Credit: WTHR/Rachael Krause

According to Le Thien, hundreds of grad students have signed pledges to strike and are ready to act. They're hoping to see their actions over the next few days lead the administration to recognize them as a union and take action on demands for a living wage.

"We want to eliminate the fees right now because we feel that would give effective 15% raises to everyone's pockets right now, which is really necessary because of the whole inflation is crazy right now," Le Thien said. 

Grad workers had until Monday afternoon to vote. Since they confirmed a strike, come Wednesday morning many grad workers won't be teaching classes — they'll be out on the picket line.

Katie Shy, a PhD student in the English department, teaches two courses at IU in addition to her own studies. She said their demands to the administration are straightforward. 

“We would like to end the fees, we want fairness for international students, increased benefits, an effective grievance procedure and a living wage. And in order to accomplish those aims, we’re asking to open the process of union recognition,” Shy said.

And Shy said they're expecting to see some faculty members and undergrads joining in the picket line.

"We've been humbled by how generous our faculty have been in reaching out to us, letting us know they support us. They recognize that this is what we have to do and our students, too," Shy said. "It was such a hard conversation with my students and to hear them say, 'Good luck, I had no idea this was your situation' was amazing."

Now, with a verbal vote in favor of a strike and electronic votes cast, many of these grad students are ready for this push for change to begin.

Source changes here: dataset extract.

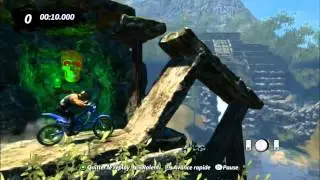 Trials &eacute;volution | Pr&eacute;sentation de la piste yucat&egrave;que2 de steph59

The university sent 13News the following statement on the proposal from students to strike:

"IU’s new provost spent his first several weeks on the job meeting and listening to the concerns of graduate students in every school. As a result, the university provided individual schools support to increase their stipend pay; instituted a new minimum stipend level; and added new flexibility to their tuition waivers. This progress was made because most of these students were willing to work with their schools and the new administration to improve their academic experience and well-being, and we’re committed to continuing that dialogue. It’s therefore disappointing that a minority of graduate students are now threatening to strike in a manner that specifically targets undergraduate instruction. All our schools continue to develop contingency plans to ensure that, should a strike occur, academic and instructional activities can still occur. IU is committed to making sure our undergraduate students’ academic progress continues as expected and is not hindered by this potential disruption to their education, even if this group of students ultimately refuses to fulfill their own responsibilities."